Did comets spark life on Earth?

The extreme conditions may have also help kickstart life on other worlds

Comets have long been suggested as a method of bringing the basic building blocks of life to Earth
Credit: Dr Yoshihiro Furukawa

Comets have long been thought omens of bad fortune, and in the history of our planet this hasn’t proved far wrong. The chaos following both cometary and meteorite impacts has been blamed for several great extinction event, wiping out nearly all life on the planet. But could these harbingers of doom also have been responsible for creating life on Earth in the first place?

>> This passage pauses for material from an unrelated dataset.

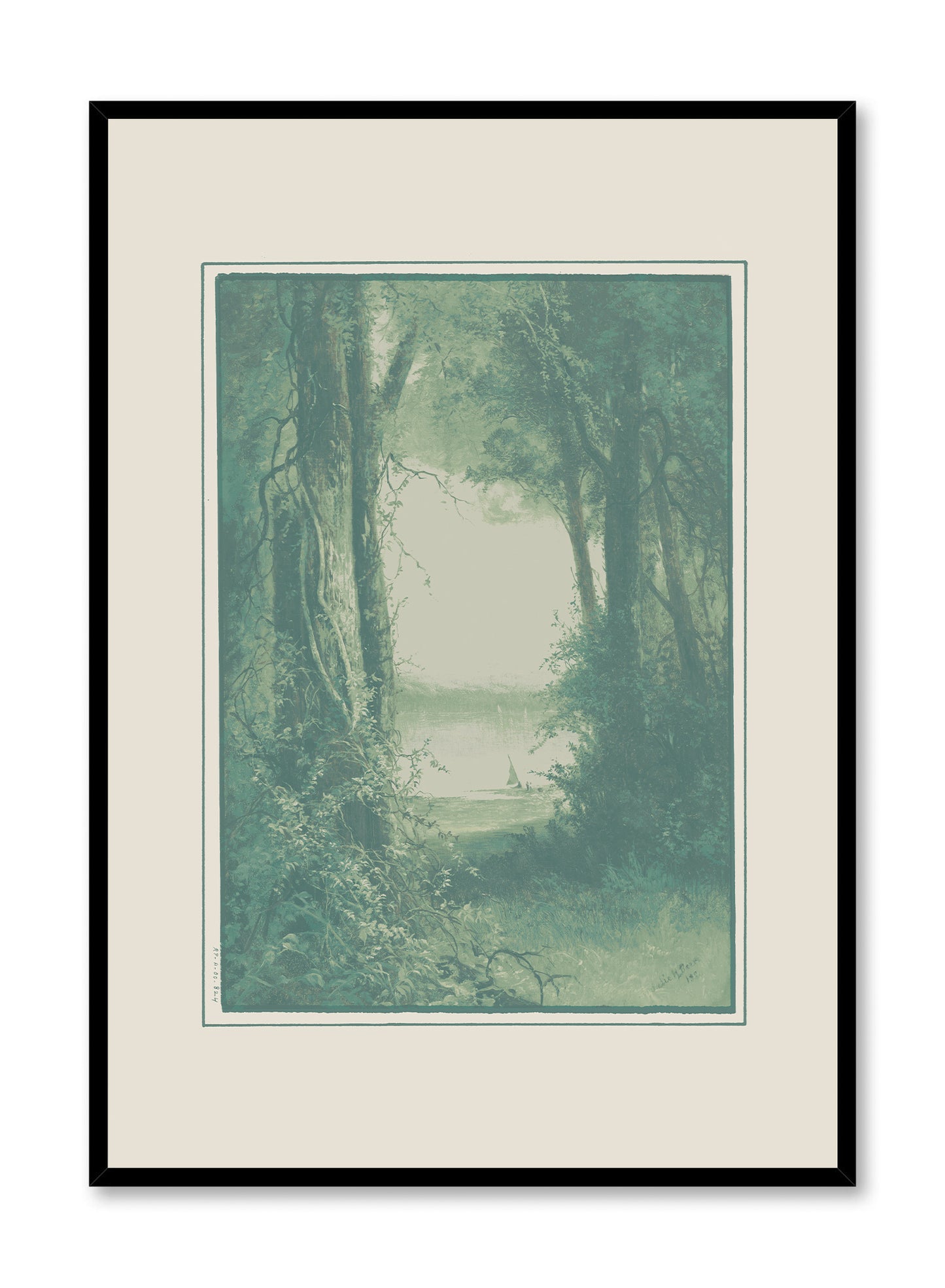 Into a Wood, Poster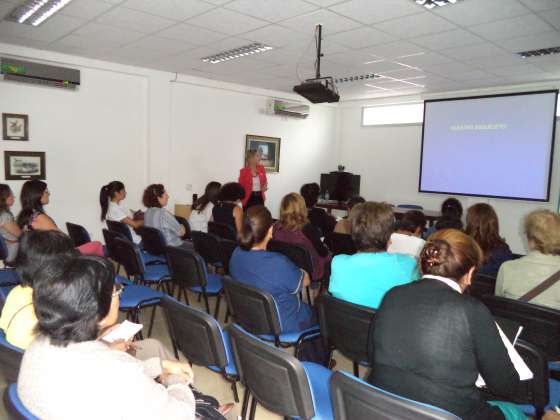 Se realizaron actividades en el hospital Oñativia de prevención de la osteoporosis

It’s been known for a long time that comets contain complex molecules, such as amino acid, that might one day go on to form life. NASA’s Stardust mission, which returned a sample of a comet’s coma to Earth, detected them, as has the Rosetta mission. What has been unclear is how these formed into the more complex peptide chains that are needed to form proteins.

It seems the impact may be the key. When an object strikes the Earth, its components are subjected to a sudden rise in temperature and pressure. Under these extreme conditions the ices and minerals that make up the object can change and form new compounds, some of which might be needed to start life.

To recreate the conditions, researchers in Japan took a mixture of amino acid, water ice and silicate (forsterite) and cooled them to 77K with liquid nitrogen to simulate a comet. The concoction was then fired from a propellant gun to simulate the impact of it striking the Earth. Analysing the resulting mixture showed that the amino acids had formed into short peptide chains.

“This finding indicates that comet impacts almost certainly played an important role in delivering the seeds of life to the early Earth,” says Haruna Sugahara from the Japan Agency for Marine-Earth Science and Technology (JAMSTEC) in Yokahama. “The production of short peptides is the key step in the chemical evolution of complex molecules. Once the process is kick-started, then much less energy is needed to make longer chain peptides in a terrestrial, aquatic environment.”

If comets are needed to kickstart life, this could have interesting connotations for finding life elsewhere as the Earth is not the only planet to be struck by comets.

“Within our own Solar System the icy satellites of Jupiter and Saturn, such as Europa and Enceladus are likely to have undergone a similar comet bombardment,” says Sugahara.